Pledging Company Stock as Collateral – A Good Idea?
Let’s say your construction business is encountering a temporary economic downturn, and you could sure use some extra working capital. Maybe you have been advised not to borrow money through the business, as this might make your bonding agent unhappy. Perhaps you do not want to use personal cash or sell off your personal investments, but you realize you are still quite creditworthy and have some significant borrowing capability. So, you find a lender who is willing to loan you some money personally, and you would like to, in turn, infuse that money into your business.

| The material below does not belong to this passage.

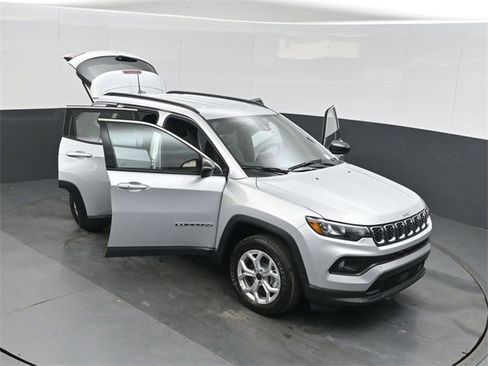 New 2026 Jeep Compass Latitude image 50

There’s only one catch. The lender would like you to pledge your shares of stock in the business as collateral. While that sounds awfully threatening, you persuade yourself to take the risk. After all, you know you will pay that loan back as soon as the business climate improves. And pledging the stock seems rather insignificant compared to the alternative: telling your family that they will have to survive on less.
Naturally, things can always get worse, and sometimes they indeed do. Things run amok, you find yourself behind on loan payments, and your creditor exercises its rights to sell your stock to receive payment on the loan. You have now lost your business. Well, that’s pretty bad, but things can’t possibly get any worse than that, right?
Or can they? In a recent tax court case (J.S. Rendall, TC Memo. 2006-174), the ex-CEO and Board Chairman of a publicly held company was adjudged liable for income tax on the creditor’s sale of some of his shares of stock! Yes, you are reading that right—he didn’t sell the shares; his creditor did. And he got no money out of it, just discharge of the debt—and a tax liability to boot!
The taxpayer tried to claim a bad debt deduction for the loan he had made to the corporation. However, the court ruled that he failed to prove that loan became worthless during the same tax year. The court held that, despite filing for bankruptcy, the sale of all corporate assets and leases, and its overall insolvency, the corporation's technology still had potential value to help it emerge from bankruptcy as a viable going concern.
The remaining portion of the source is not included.